_Aim of the exercise_. Please reproduce the listing word for word. Pictures stay out.

Data segment below:

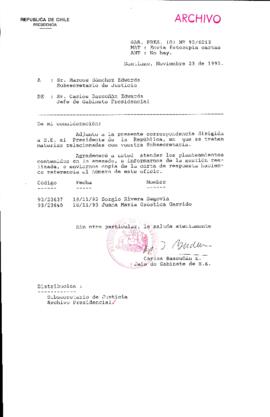 [Oficio Gab. Pres. Ord. N° 6013 de Jefe de Gabinete Presidencial, remite copia de carta que se indica]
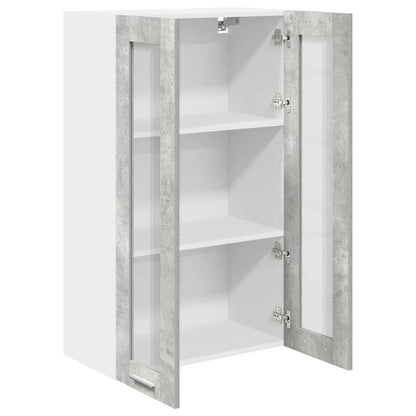 vidaXL Hängeschrank mit Tür Beton Grau 60 x 31 x 100 cm Holzwerkstoff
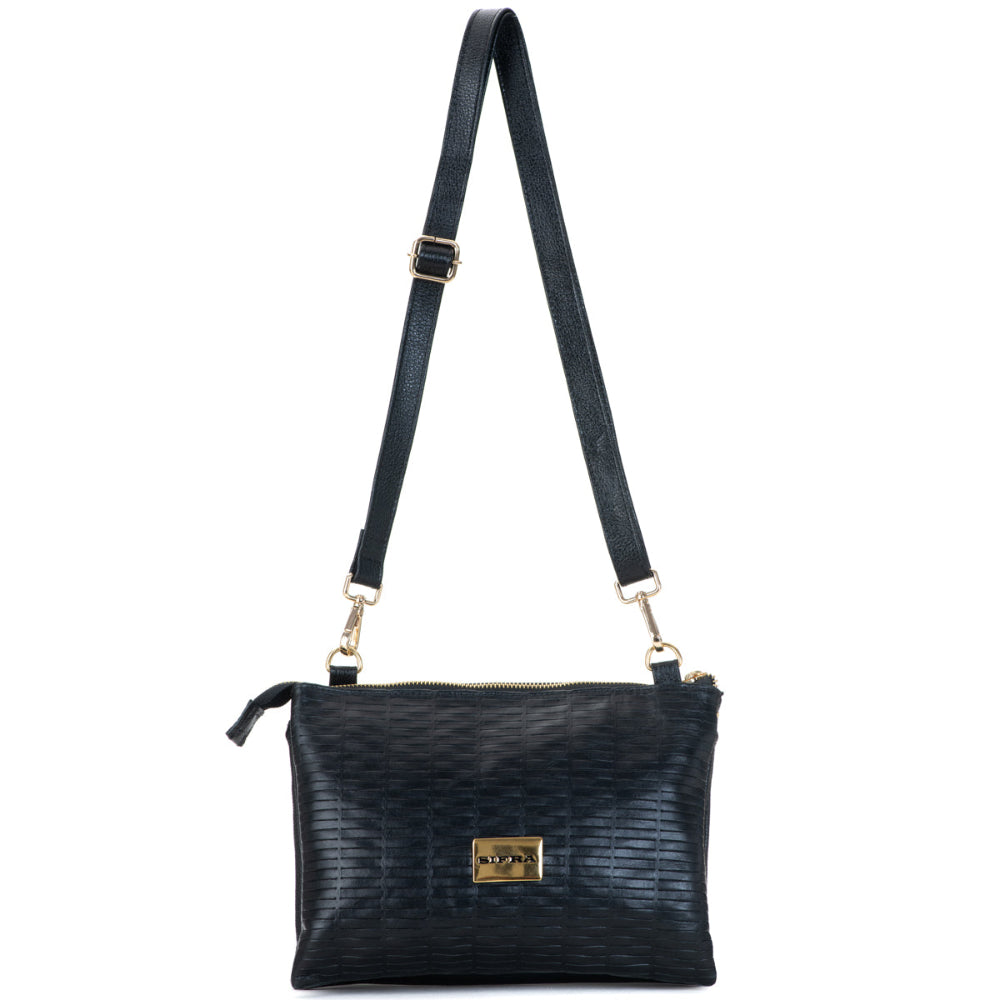 Bolsa Transversal Média Divisórias Couro Preto Jade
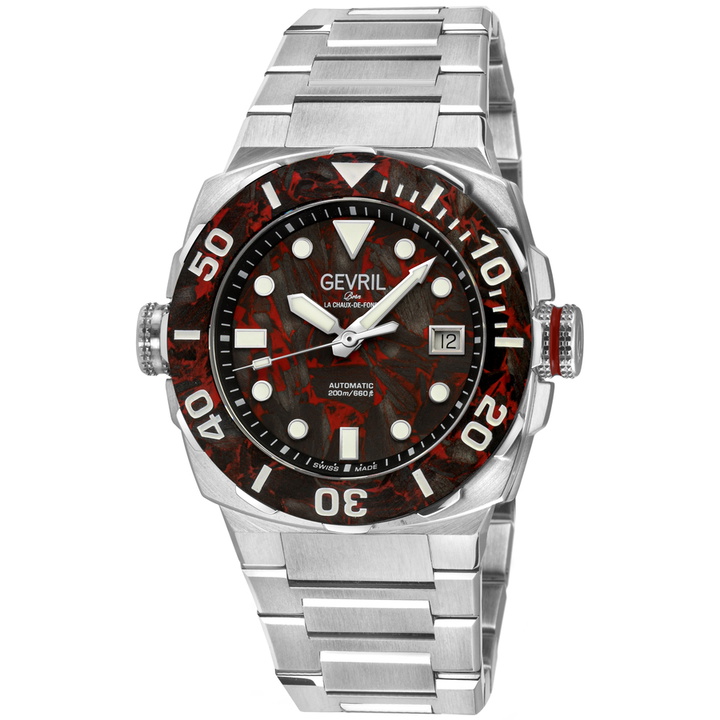 Photo: Gevril Fortuna Automatic Red Dial Mens Watch 47401B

End of Data segment.

_Written reply_.
 [Oficio Gab. Pres. Ord. N° 6013 de Jefe de Gabinete Presidencial, remite copia de carta que se indica]
 vidaXL Hängeschrank mit Tür Beton Grau 60 x 31 x 100 cm Holzwerkstoff
 Bolsa Transversal Média Divisórias Couro Preto Jade
 Photo: Gevril Fortuna Automatic Red Dial Mens Watch 47401B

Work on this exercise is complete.